CVM Guidelines for Access to the Stock Market by SAFs

The Brazilian Securities Commission (“CVM”) issued the Guidance Opinion No. 41, on August 21, 2023, commenting on correlations between Football Corporations (“SAFs”) and the stock market.

Introduced by Law No. 14.193/2021, the SAFs are companies which core business is the practice of professional football, both men’s and women’s, and which, in view of their corporate and governance structure, are considered corporations, subject to Law No. 6.404/1976 (“Brazilian Corporations Law”). Such supplementary regulation, however, does not necessarily entail that CVM has jurisdiction over all aspects concerning the SAFs. As is the case with private corporations, only the SAFs that seek registration as public companies or access the stock market to fund their activities are subject to CVM regulation and supervision, as defined in the applicable legislation.

Thus, CVM Opinion No. 41 outlines the intersection between the SAF Law and the regulation of the securities market, offering guidance on the alternatives for funding the sports activities developed by the SAFs and how they fall within CVM’s scope of jurisdiction. Among the main topics addressed, it is worth highlighting the following:

  1. Incorporation Constiution and Capital Stock

The Opinion sets out to address the three cases of SAF formation provided for in the SAF Law, namely: (i) through the transformation of an existing club’s corporate type, (ii) by spin-off of an existing club’s football department (here it is understood as a dropdown of assets and rights that comprise the club’s football department), or (iii) by individual initiative or by an investment fund, forming a SAF without relying on pre-existing assets, rights or legal entity.

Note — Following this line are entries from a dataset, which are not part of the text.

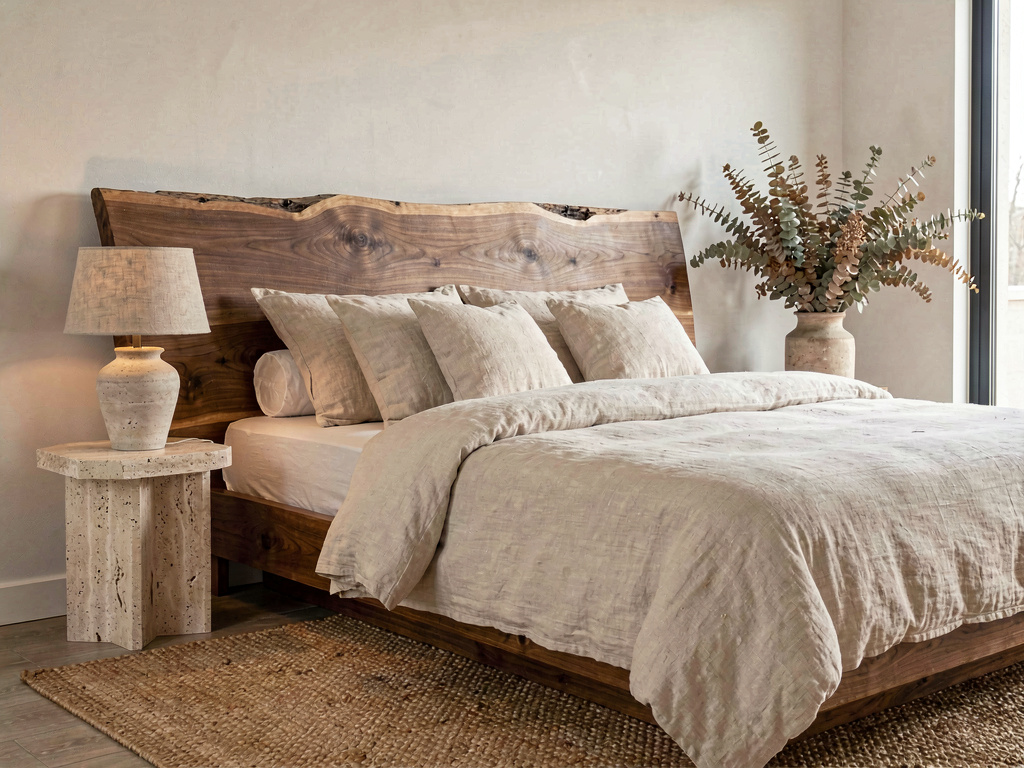 Modern bedroom ideas organic modern with live-edge walnut headboard and travertine side table
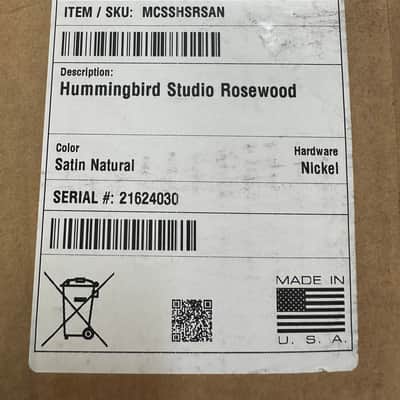 Gibson Hummingbird Studio Rosewood Satin Natural New Unplayed Auth Dlr 4lb15oz #030 image 24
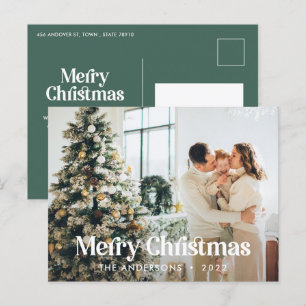 Modern sage green watercolor botanical typography Holiday Postcard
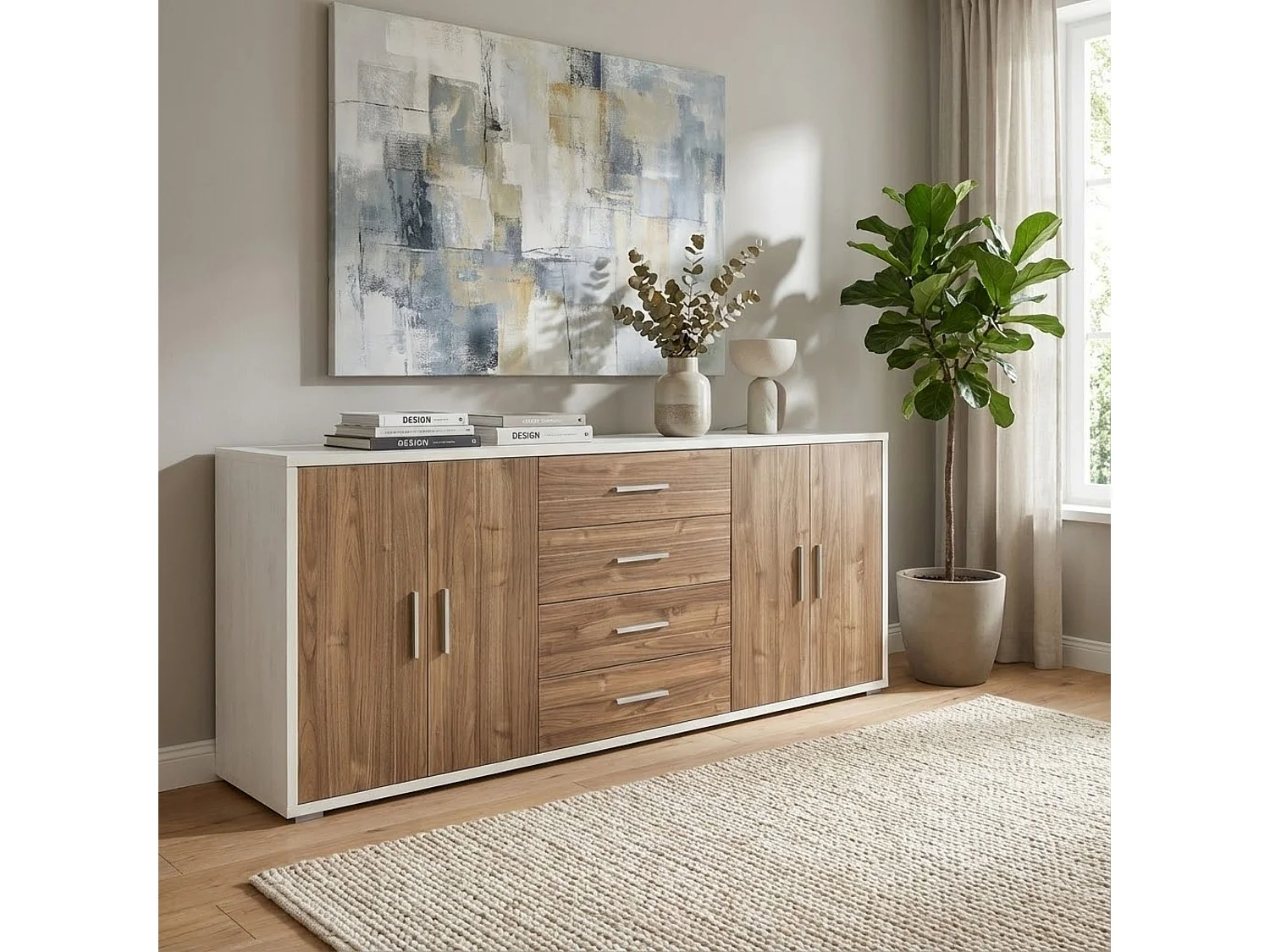 MilaniHome.it - madia moderna per soggiorno di design moderno cm 203 l x 41 p x 84 hdi coloreMarrone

CVM clarifies that the SAF’s capital stock shall abide by the Brazilian Corporations Law guidelines, including the possibility of contributions to the SAF’s corporate capital in cash or assets subject to valuation. As applicable to corporations in general, the valuation of tangible and intangible assets, such as trademarks, sports rights of athletes and stadiums, shall be conducted by experts or specialized companies. It is recommended, therefore, that the SAF advisors pay close attention to the accounting standards and hire auditors registered with CVM to ensure the accuracy of the valuation of transferred assets and liabilities, in the event of incorporation via spin-off of a football department.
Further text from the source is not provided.